Konkurs Piosenki Eurowizji 2025 już w maju, a dziś TVP ogłosiła listę kandydatów, którzy zmierzą się w polskich preselekcjach. W tym roku widzowie wybiorą reprezentanta naszego kraju w głosowaniu SMS. Do finału preselekcji komisja wybrała 10 artystów. To na nich będzie można głosować już 14 lutego:
- Chrust, "Tempo"
- Dominik Dudek, "Hold the light"
- Marien, "Can't hide"
- Daria Marx, "Let it burn"
- Sonia Maselik, "Rumours"
- Janusz Radek, "In Cosmoc Mist"
- Swada x Niczos, "Lusterka"
- Justyna Steczkowska, "Gaja"
- Kuba Szmajkowski, "Pray"
- Tynsky, "Miracle"
Wiele osób do końca miało nadzieję, że na tej liście znajdzie się Sara James. Sama artystka jeszcze niedawno tłumaczyła, dlaczego w tym roku zrezygnowała z udziału w preselekcjach. Teraz wydała nowe oświadczenie, w którym ujawniła całą prawdę.

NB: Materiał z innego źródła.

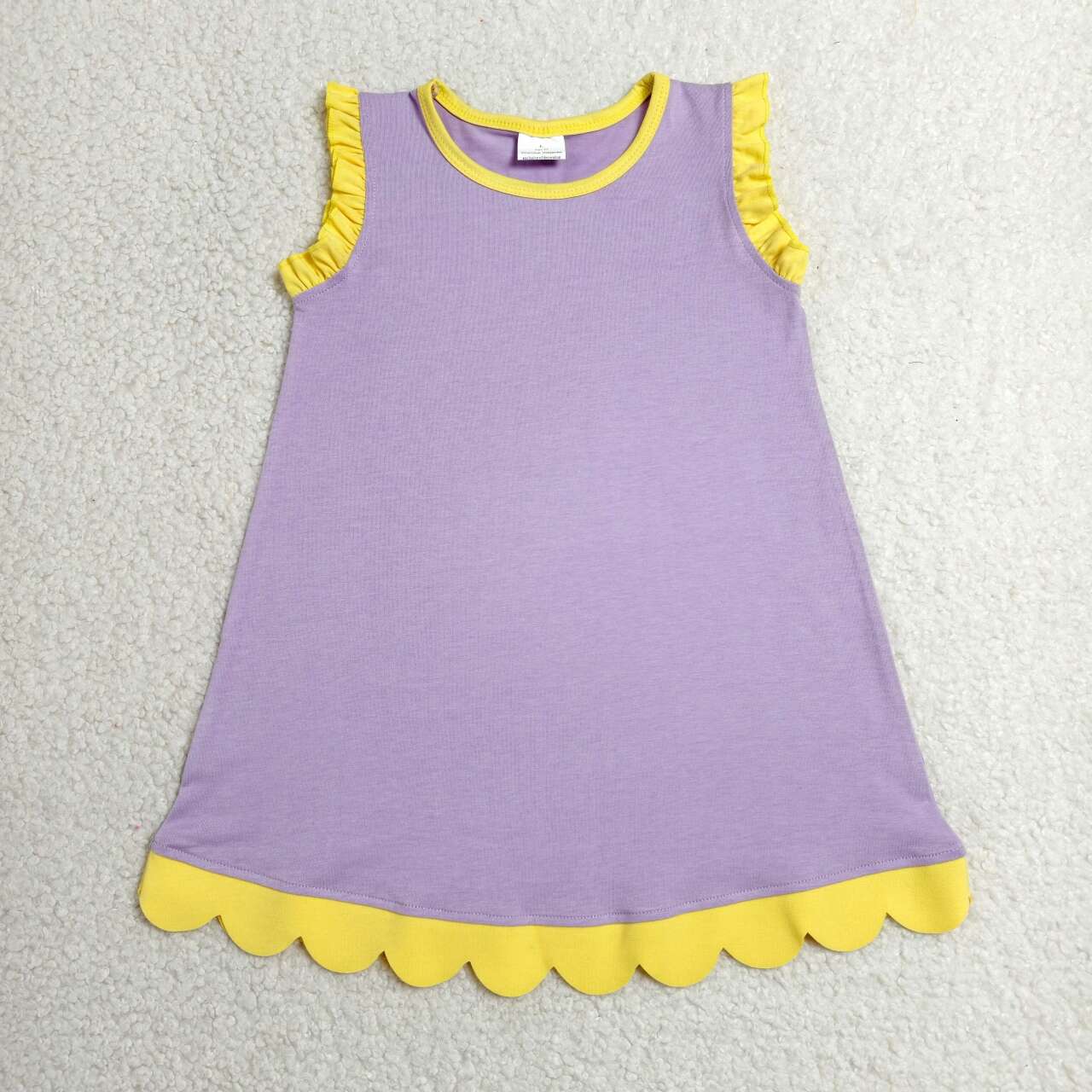 GSD4042 Lavender Cotton Scalloped Edge Ruffle Girls Knee Length Dress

W niedawnym wywiadzie, jakiego Sara James udzieliła Pomponikowi, artystka tłumaczyła, że zrezygnowała z udziału w preselekcjach z powodu innych wyzwań zawodowych, związanych z promocją nowej płyty i planowaniem trasy koncertowej.

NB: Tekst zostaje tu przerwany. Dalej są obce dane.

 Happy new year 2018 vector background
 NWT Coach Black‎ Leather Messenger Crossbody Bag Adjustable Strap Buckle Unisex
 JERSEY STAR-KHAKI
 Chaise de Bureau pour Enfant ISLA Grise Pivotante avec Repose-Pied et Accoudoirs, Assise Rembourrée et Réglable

"To jest bardzo ciekawe... Na pewno pojawił się w mojej głowie ten pomysł, ale chcę być przygotowana. [...] Chciałabym to zrobić dobrze, jeśli miałabym taką możliwość. Jest mi bardzo miło, wielki zaszczyt, ale chyba jeszcze nie" - mówiła niedawno w rozmowie z naszą redakcją.
Zaznaczyła, że nie rezygnuje z tego pomysłu, ale jej fani muszą jeszcze poczekać. Tymczasem okazało się, że wokalistka jak najbardziej zgłosiła swoją piosenkę do preselekcji! Czemu zatem nie weźmie w nich udziału?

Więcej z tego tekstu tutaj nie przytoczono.